== Records for this exercise

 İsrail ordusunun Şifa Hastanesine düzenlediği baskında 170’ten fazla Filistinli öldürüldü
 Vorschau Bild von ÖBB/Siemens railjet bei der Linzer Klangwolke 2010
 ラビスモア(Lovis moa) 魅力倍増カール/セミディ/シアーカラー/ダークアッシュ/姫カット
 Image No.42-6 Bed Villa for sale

====
== Records for this exercise

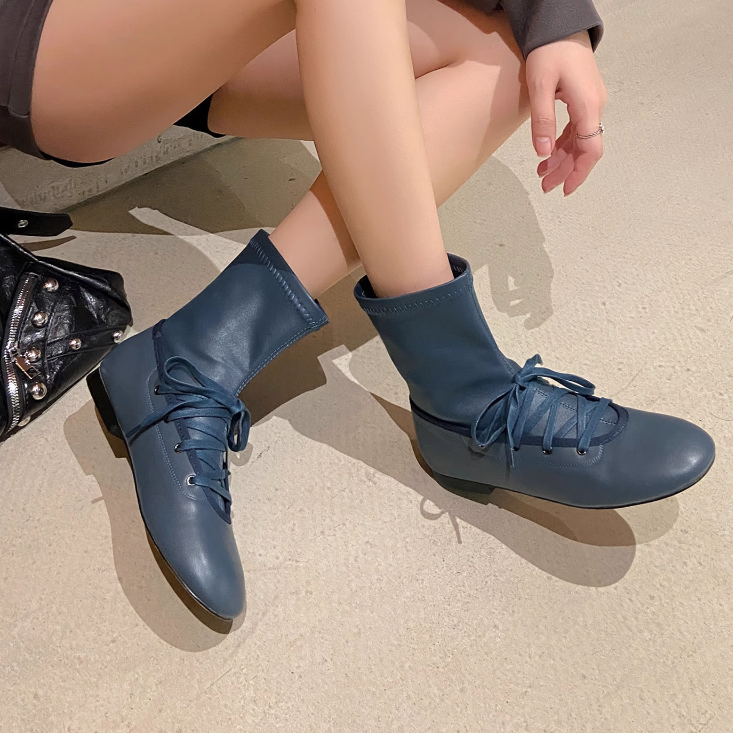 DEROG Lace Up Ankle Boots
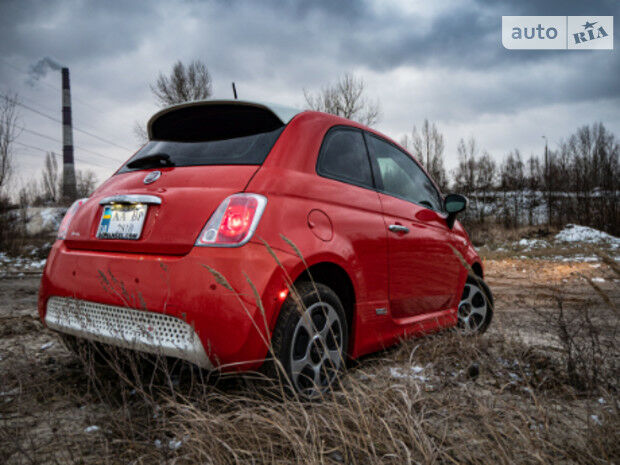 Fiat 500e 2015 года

====

__Task directions__
Lines to set down from above: the line with "ラビスモア(Lovis mo", the line with "Image No.42-6 Bed Villa for sale", and every line between, each exactly as written.

__Output of the task__
 ラビスモア(Lovis moa) 魅力倍増カール/セミディ/シアーカラー/ダークアッシュ/姫カット
 Image No.42-6 Bed Villa for sale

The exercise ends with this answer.